New Zealand is a popular location for numerous citizens when looking to relocate. It isn’t difficult to understand why. New Zealand possesses stunning scenery and impressive cityscapes. Perhaps most importantly to many expats from the US, UK, or Australia: the predominant spoken language is English.
Beyond the shared language, the New Zealand locals are known for their friendly and welcoming nature. Many expats note that since making the move to New Zealand they have experienced a quieter, more peaceful way of life. From the stunning locations alone, this is understandable. Even in the largest of cities, you are never far from a beach or national park. From the average salary to the quality of healthcare, the standard of life in New Zealand is comparatively high.

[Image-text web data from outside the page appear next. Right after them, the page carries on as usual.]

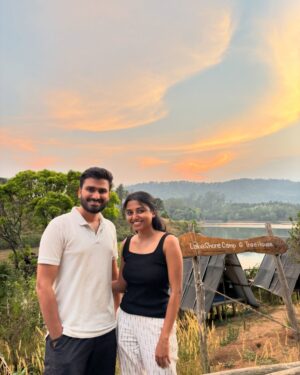 Aishwarya Raghu Instagram - Look at the sky 🌄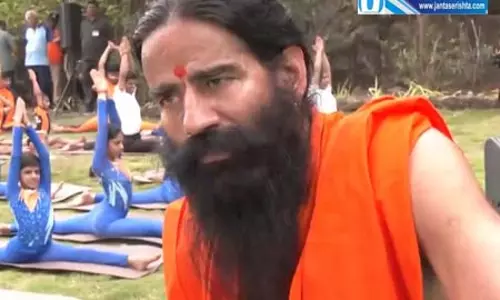 तनाव, सामाजिक और राजनीतिक संघर्षों से निपटने का एकमात्र जरिया है योग : बाबा रामदेव तनाव, सामाजिक और राजनीतिक संघर्षों से निपटने का एकमात्र जरिया है योग : बाबा रामदेव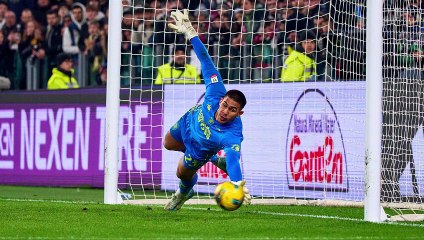 Devis Vásquez se lució en los penaltis y eliminó a Juventus de la Copa de Italia: video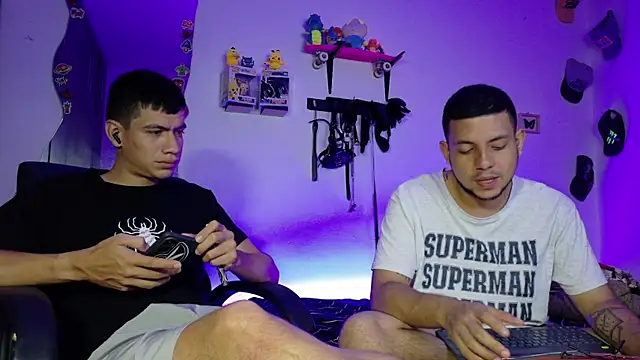 Snapshot of Nymphobuddies chatting on April 9, 2026, 3:30 am Nymphobuddies online show from April 9, 2026, 3:30 am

In this relocation guide, we will be taking you through everything you need to know before taking this new step in your life. Relocating to New Zealand will be a significant change to your lifestyle, but it might be one of the best decisions you ever make. From the price of shipping to New Zealand all the way up to how much a drink will cost you, we’ve got you covered in this guide!
New Zealand Quick Facts
- Population: 5 million
- Capital City: Wellington
- Official Languages: English, Maori
- GDP per capita: $42,084
- Drives on: The left side of the road
- Currency: New Zealand dollar (NZD)
Shipping to New Zealand (Moving & Shipping Costs)
The expense of shipping to New Zealand is potentially one of the biggest hurdles you will face. Moving your life to a different country is not a low-price activity. However, you have options available to you. There are multiple ways to ship your possessions to another country, either by air or by sea. Which you are eligible for will depend on the size of the property and the number of items you wish to move.
How Much Does Moving to New Zealand Cost?
Exclusively referring to shipping, the cost of moving to New Zealand varies. Detailed below is a rough guide of what to expect to pay based on the size of your home and whether you wish your possessions to be moved by air or sea.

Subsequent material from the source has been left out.